As we go into the next round of budget negotiations, it seems quite clear that the Democrat response to every effort to cut spending will be to propose ways to raise revenue, usually by trotting out their well-worn battle cry “repeal the Bush tax cuts!” That will then be followed by describing them as “tax cuts for the rich” which redistribute wealth from the poorest Americans to the wealthiest. But is this true? Are the rich really the largest beneficiaries of the tax structure implemented in 2001 and 2003 by George W. Bush, and who would bear the brunt of additional taxation if the Bush cuts were repealed?
To find out the answers to these questions, all I needed was the handy calculator on my iPhone and a visit to the Tax Facts archive at the Tax Policy Center, which keeps records of all the tax rates and rules going back to the passage of the 16th Amendment.

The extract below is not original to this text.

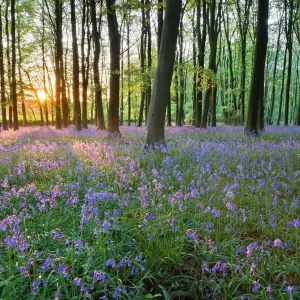 Gloucestershire Verwandte Bilder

The first fact which became clear on looking at the data is that the very rich were not the largest beneficiaries of the Bush tax cuts. In fact, their taxes were cut significantly less than the taxes of those in the lowest tax brackets. The top rate was cut by 4.6%, while the lowest bracket was split into three groups and the bottom two of those saw their taxes cut by a minimum of 5% and in many cases by as much as 18%. Those are far greater cuts than any of the higher brackets, even the top bracket.

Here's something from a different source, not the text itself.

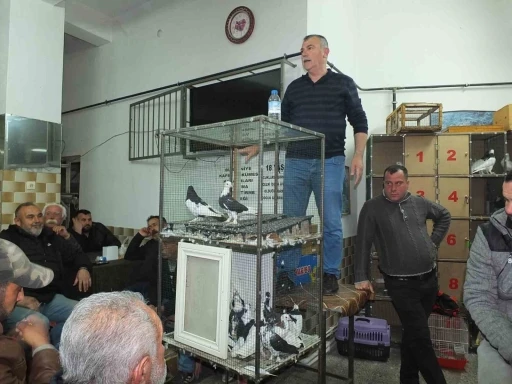 Balıkesir’de güvercin meraklıları buluştu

In addition, with increased values for exemptions and deductions, many of the working poor and lower middle class saw much of their tax liability just eliminated completely. The Bush structure has raised the standard deductions and exemptions for an individual from $7200 to $9500, protecting an additional $2300 in income, which is a big chunk for someone with a low income, and that is high enough that no one in the lowest income bracket actually has any tax liability at all. If the Bush tax cuts were repealed a significant number of the poorest workers would owe 15% on that $2300 in income. Handing people earning below the poverty level a bill for $345 would be just one of the unpleasant consequences of repealing the Bush tax cuts.
So, let’s say that Democrats win this argument and decide to raise taxes. Yes, the rich would pay a little more which they can probably easily afford. But at the same time, almost 20 million people in the category which I would define as the lower middle class, who have gross incomes between about $35,000 and $43,000 (as individuals), would see their taxes increase by 13% if the Bush tax cuts were repealed. These people are the heart of working America and they are the people the Democrats claim to stand up for, but they would be devastated if the Bush tax cuts were actually repealed. They outnumber the members of the top bracket almost 5 to 1, and are much less able to afford a massive increase in their taxes.
So the next time you hear a Democrat politician talking about repealing the Bush tax cuts so that the rich will pay their “fair share,” remember that it was the poor who benefited the most from the Bush cuts, and that if they were repealed they would pay a very large and unfair additional share of taxes which they certainly cannot afford.